Ho visto i trattori marciare su Roma, per non marcire.

Obiettivo: il governo patriota che ha istituito per gli autisti dei trattori il Ministero della Sovranità alimentare con tanto di Ministro senza competenze, ma con un portafoglio bello pieno, parente della Prima Donna.

Ho visto, e me ne ricordo bene, la prima uscita pubblica del Primo Ministro nel villaggio della Coldiretti al castello sforzesco di Milano, con tanto di solenne promessa, tra una forma di grana e un culatello, che nessuno avrebbe più potuto ignorare la voce dell’Italia.

E poi ho visto le grandi mosse di Sovranità alimentare: vietare la produzione e la commercializzazione della carne sintetica. Quella Sovranità alimentare che ama più i nostalgici pesticidi che le nuove frontiere.

E poi ho assistito a uno strano cortocircuito sovranista: la Prima Donna che si ritrova la Nazione messa a soqquadro proprio dai coltivatori diretti.

Poco importa se il governo tutto Legge e Ordine ha varato poco tempo fa un pacchetto di misure che considerano i bocchi stradali come atti terroristici; ma quelle erano misure pensate per i giovani ecologisti, mica per i beneamati agricoltori. È questo il senso della nostra destra per lo Stato?

Tutto questo bel vedere, compresa la faccenda dei trattori, mi fa pensare che a questo mondo nessuno, e per nessuno intendo persone, classi sociali, comunità, paesi, città, nazioni, sia disposto a rinunciare a qualcosa per il bene di tutti.
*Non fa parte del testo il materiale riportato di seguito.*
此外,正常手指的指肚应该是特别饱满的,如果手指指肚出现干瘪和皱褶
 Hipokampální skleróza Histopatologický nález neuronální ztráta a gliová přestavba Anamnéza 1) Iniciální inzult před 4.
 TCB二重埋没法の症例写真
I trattoristi vogliono sgravi fiscali e la possibilità di usare la chimica senza se e senza ma. Loro contenti di ricavare profitto avvelenando il prossimo, altri scontenti per via di tumori e chissà cos’altro, gira male il mondo.

Tutto questo bel vedere mi fa capire che la transizione ecologica non avverrà mai per come siamo fatti noi oggi, in tutte le parti del mondo.
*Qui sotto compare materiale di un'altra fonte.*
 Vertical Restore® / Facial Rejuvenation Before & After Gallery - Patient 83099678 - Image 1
Probabilmente avverrà per imposizione e tramite fatti traumatici. Del resto, noi umani siamo fatti così: egoisti, miopi, e anche un po’ ottusi.

Se non è ottusità questo ritorno al fascismo in veste contemporanea, come vogliamo chiamarla, genialità? Un ritorno al passato come tipica reazione di quella parvenza di Sapiens che piuttosto che ridimensionare, rivalutare, condividere il bene preferisce agire nel male e fare del male. Gira strano il mondo.

Tutto questo bel vedere mi fa pensare al nostro rapporto con la natura. E nonostante tutto voglio essere positivo.

Ed ecco che forse potremmo trasformare la nostra ansia e insicurezza climatica in solidarietà, una solidarietà abbastanza forte da superare gli interessi particolari e sempre favorevoli alle soluzioni inadeguate presentate nelle politiche climatiche dei governi. Insomma, scendere dai trattori e venirsi incontro e ragionare in modo diverso, nuovo, propositivo, collettivo.

E non più e solo corporativo. Iniziare a capire tutti insieme, al di là degli onnipresenti fini elettorali, che la transizione ecologica richiede uno sforzo da parte di tutti, che è più che opportuno lasciare parte dei terreni incolti, che bisognerebbe limitare l’import, che ci vorrebbe certo meno burocrazia. E non pensare solo e sempre che siano gli altri i più colpevoli e quindi debbano essere loro a pagare il prezzo più alto di questa transizione.

Il National Intelligence Council degli Stati Uniti pubblica ogni quattro anni il rapporto Global trends che sottopone alla Casa Bianca. In questo rapporto si prevedono le minacce e i motivi di insicurezza che il mondo dovrà affrontare nei prossimi decenni.

Ecco il succo, in estrema sintesi, dell’ultimo rapporto: di fronte a condizioni metereologiche estreme, uso improprio dell’acqua, innalzamento del livello del mare, cambiamenti sociali e istituzionali, disuguaglianze, instabilità, conflitti e altro i funzionari americani prevedono una rivoluzione ambientale globale guidata dai giovani che alla fine porterà alla creazione di una nuova organizzazione internazionale: il Consiglio per la sicurezza umana.

Con buona pace di quelli di destra destra e Salvini, che i giovani li vogliono o col braccio alzato o muti o in galera.